- Title screen
- Developed by: Working Wonder Productions (series 6)
- Starring: John Grundy
- Country of origin: United Kingdom
- Original language: English
- No. of episodes: 30?

Production
- Producer: Steve Robins
- Production locations: North East England, Cumberland, North Yorkshire, East Riding of Yorkshire
- Running time: 25 mins approx.

Original release
- Network: Tyne Tees Television, ITV
- Release: 2000 – 2005

Related
- Grundy Goes...; Grundy's Northern Pride;

= Grundy's Wonders =

Grundy's Wonders is a Tyne Tees Television architecture programme presented by John Grundy, which began in 2000.

On the programme, Grundy explores buildings in north-east England, as well as Cumbria and Yorkshire. Each programme has a particular theme or type of building, and Grundy names his favourite piece of architecture (on the week's theme) his "Grundy's Wonder", and gives a "Big Boot" to things he dislikes.

Grundy presents the programme in an enthusiastic way, while covering many aspects of the northern English region's history; this is also one of few architecture series on television.
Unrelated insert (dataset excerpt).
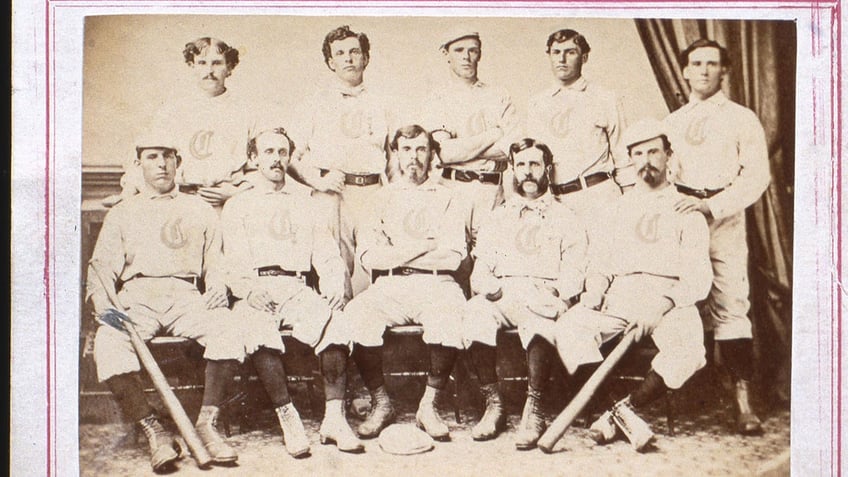 Cincinnati Red Stockings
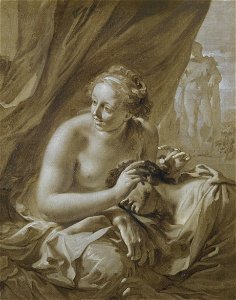 Adriaen van der Werff - Samson and Delilah 68 van der werff 2010 S62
==Episodes and places visited==

===Series 5===
- Episode 1: "Rock" (26 October 2004)
Featured the North Bar gateway, Beverley; Burton Agnes Hall; River Glen bridge at Ewart (near Wooler), Northumberland; Swarland Brickworks library (betw. Rothbury and Alnwick), Beamish tram shelter.
"Great Boot of History": BHS store, Northumberland Street, Newcastle.
"Grundy's Wonder": Houses near Crossgate Peth, Durham, with view to Durham Cathedral.
- Episode 3: "Graffiti" (9 November 2004)
Featured St Paul's Church, Jarrow; Falstow (near Kielder), Northumberland; Hexham Abbey; Berwick Town Hall prison.
"Great Boot of History": Jesmond Metro station.
"Grundy's Wonder": Prison cells, Carlisle Castle; Carlisle Cathedral.

===Series 6===
- Programme 1: "Rock" (15 September 2005)
Featured Bamburgh Castle; Bamburgh House; Steel Rigg (Hadrian's Wall); Beverley Minster.
"Big Boot": Rock cut architecture.
- Programme 2: "Weather" (6 October 2005)
Featured Swaledale, North Yorkshire; Ryedale Folk Museum, Hutton-le-Hole; Nunnykirk Hall, Muker; Joicey Road Open-Air School; Cassop, Co. Durham.
"Big Boot": Badly-designed classrooms.
"Wonder": Devonshire Building, Newcastle University.
- Programme 3: "Lead" (13 October 2005)
Featured Killhope (former Park Level Mine), Co. Durham; Holmes Linn, Sinderhope, Northumberland; Stublick Chimney, Langley, Northumberland; Allenheads (former colliery); Ireshopeburn (Weardale Museum).
"Big Boot": Slag heaps.
"Wonder": Spar boxes , Weardale.
- Programme 4: "Listed" (20 October 2005)
About listed buildings.
Featured Ripon Cathedral, Ripon, North Yorks.; Surviving Medieval buildings, Quayside, Newcastle; Newcastle Castle Keep; St Bartholomew's Church, Whittingham, Northumberland.
"Big Boot": Trinity Centre Multi-Storey Car Park, Gateshead.
- Programme 5: "Iron Town" (27 October 2005)
Grundy pointed out reminders of the rural past in the industrialised Teesside.
Marton, Ormesby Hall, Kirkleatham, Acklam Hall, Eston.
"Big Boot": A66 road.
"Wonder": Middlesbrough.
- Programme 6: "Monuments" (8 November 2005)
Jesmond Old Cemetery; St Mary's Church, South Dalton, East Riding of Yorkshire; Sykes Sledmere Monument, Garton on the Wolds (near Sledmere), East Riding; Sledmere Eleanor Cross and Waggoner's Memorial, Sledmere; Grey's Monument, Newcastle; Angel of the North, Gateshead; The Spirit of South Tyneside, South Shields.
"Wonder": Conversation Piece by Juan Muñoz, South Tyneside.